**What is expected:** Look through the data below and count each line where the word "Drive" appears. Reply with the count alone.

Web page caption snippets
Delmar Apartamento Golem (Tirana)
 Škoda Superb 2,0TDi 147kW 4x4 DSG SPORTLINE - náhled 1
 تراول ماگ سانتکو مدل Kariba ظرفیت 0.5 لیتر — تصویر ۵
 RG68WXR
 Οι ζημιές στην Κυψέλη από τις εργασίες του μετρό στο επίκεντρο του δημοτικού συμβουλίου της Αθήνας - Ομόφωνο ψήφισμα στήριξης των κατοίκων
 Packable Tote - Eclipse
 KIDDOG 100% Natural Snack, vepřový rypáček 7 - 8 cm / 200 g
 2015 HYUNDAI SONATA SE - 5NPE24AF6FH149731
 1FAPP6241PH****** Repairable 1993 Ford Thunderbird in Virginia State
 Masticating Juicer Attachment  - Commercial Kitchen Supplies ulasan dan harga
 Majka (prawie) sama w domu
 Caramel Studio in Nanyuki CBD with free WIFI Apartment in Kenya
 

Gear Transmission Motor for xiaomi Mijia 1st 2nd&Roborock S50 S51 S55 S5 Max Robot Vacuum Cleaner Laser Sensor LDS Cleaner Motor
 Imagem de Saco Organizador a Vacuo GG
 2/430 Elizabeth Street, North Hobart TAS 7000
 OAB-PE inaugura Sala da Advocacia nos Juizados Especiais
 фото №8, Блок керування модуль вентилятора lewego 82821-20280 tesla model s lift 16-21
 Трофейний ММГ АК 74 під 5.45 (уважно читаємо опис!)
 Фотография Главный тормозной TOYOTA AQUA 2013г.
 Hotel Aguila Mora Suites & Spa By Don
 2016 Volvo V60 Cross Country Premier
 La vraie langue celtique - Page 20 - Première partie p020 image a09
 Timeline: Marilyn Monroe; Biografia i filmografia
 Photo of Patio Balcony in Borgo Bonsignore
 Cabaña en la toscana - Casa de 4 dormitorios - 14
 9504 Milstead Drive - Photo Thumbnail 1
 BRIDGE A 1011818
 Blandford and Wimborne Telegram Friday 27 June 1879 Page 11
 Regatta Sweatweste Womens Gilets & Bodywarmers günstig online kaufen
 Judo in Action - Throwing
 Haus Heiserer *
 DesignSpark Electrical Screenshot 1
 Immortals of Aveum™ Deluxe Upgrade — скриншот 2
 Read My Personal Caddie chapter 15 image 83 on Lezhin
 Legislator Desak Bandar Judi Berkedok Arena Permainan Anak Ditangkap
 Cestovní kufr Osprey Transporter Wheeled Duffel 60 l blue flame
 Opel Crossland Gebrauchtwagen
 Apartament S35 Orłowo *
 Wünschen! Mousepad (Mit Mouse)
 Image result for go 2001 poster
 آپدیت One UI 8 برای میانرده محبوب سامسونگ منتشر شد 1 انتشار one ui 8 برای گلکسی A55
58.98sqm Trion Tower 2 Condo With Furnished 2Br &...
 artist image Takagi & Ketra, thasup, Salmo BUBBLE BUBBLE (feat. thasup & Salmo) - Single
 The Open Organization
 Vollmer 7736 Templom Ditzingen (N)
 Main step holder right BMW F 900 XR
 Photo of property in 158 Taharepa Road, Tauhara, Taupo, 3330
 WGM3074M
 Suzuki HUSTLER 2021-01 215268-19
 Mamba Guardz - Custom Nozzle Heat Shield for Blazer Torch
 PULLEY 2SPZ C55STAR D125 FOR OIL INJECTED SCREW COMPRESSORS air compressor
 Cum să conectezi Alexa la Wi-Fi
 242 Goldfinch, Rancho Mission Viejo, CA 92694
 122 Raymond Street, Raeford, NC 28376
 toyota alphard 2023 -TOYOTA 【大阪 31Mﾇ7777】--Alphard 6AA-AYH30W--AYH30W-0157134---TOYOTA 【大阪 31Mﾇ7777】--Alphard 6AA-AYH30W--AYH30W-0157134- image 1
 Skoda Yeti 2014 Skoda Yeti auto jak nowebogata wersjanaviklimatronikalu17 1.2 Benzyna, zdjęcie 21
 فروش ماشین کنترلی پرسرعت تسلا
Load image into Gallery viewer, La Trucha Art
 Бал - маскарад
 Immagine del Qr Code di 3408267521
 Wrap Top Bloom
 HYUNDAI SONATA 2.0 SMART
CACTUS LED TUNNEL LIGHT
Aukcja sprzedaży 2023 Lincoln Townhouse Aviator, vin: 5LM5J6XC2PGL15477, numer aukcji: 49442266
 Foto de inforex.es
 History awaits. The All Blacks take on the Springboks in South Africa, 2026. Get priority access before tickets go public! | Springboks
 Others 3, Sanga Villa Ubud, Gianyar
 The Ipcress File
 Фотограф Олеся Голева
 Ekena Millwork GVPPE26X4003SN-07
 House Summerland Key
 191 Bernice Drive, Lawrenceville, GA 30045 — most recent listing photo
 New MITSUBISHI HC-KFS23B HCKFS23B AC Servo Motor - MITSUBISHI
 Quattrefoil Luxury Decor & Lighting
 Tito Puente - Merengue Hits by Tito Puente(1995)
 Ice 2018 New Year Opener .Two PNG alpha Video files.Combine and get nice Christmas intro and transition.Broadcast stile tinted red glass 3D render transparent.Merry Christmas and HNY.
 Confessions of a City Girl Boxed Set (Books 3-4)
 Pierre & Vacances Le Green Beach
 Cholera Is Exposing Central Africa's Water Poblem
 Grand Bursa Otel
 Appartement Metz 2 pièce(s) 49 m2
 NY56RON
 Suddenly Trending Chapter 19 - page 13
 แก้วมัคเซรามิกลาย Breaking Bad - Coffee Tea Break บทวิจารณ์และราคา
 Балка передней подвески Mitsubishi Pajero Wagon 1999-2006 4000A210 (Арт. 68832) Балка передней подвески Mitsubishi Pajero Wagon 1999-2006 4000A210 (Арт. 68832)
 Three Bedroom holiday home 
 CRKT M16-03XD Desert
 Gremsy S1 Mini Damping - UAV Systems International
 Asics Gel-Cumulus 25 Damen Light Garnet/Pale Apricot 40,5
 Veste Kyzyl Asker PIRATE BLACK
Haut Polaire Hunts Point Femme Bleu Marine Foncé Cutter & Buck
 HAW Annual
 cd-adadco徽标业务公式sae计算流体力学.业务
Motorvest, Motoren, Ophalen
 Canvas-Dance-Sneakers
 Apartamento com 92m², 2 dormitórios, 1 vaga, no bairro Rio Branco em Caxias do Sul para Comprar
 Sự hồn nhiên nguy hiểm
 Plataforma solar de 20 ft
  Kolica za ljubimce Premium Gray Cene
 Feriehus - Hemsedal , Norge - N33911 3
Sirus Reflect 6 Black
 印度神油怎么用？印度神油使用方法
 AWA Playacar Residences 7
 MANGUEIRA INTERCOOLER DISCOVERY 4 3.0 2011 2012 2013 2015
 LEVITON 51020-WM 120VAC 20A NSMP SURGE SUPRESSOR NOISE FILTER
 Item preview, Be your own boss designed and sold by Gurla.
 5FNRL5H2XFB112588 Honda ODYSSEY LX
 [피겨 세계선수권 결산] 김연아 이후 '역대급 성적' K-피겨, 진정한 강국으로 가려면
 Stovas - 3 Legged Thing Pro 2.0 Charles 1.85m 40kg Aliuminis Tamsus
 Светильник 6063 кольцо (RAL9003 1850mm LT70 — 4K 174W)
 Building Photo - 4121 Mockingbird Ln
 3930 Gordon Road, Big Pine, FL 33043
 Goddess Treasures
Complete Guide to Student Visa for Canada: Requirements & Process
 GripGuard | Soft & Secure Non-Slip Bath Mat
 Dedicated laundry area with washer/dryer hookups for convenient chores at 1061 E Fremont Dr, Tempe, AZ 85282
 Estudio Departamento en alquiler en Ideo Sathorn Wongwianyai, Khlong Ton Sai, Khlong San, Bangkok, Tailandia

**Response to the task:** 2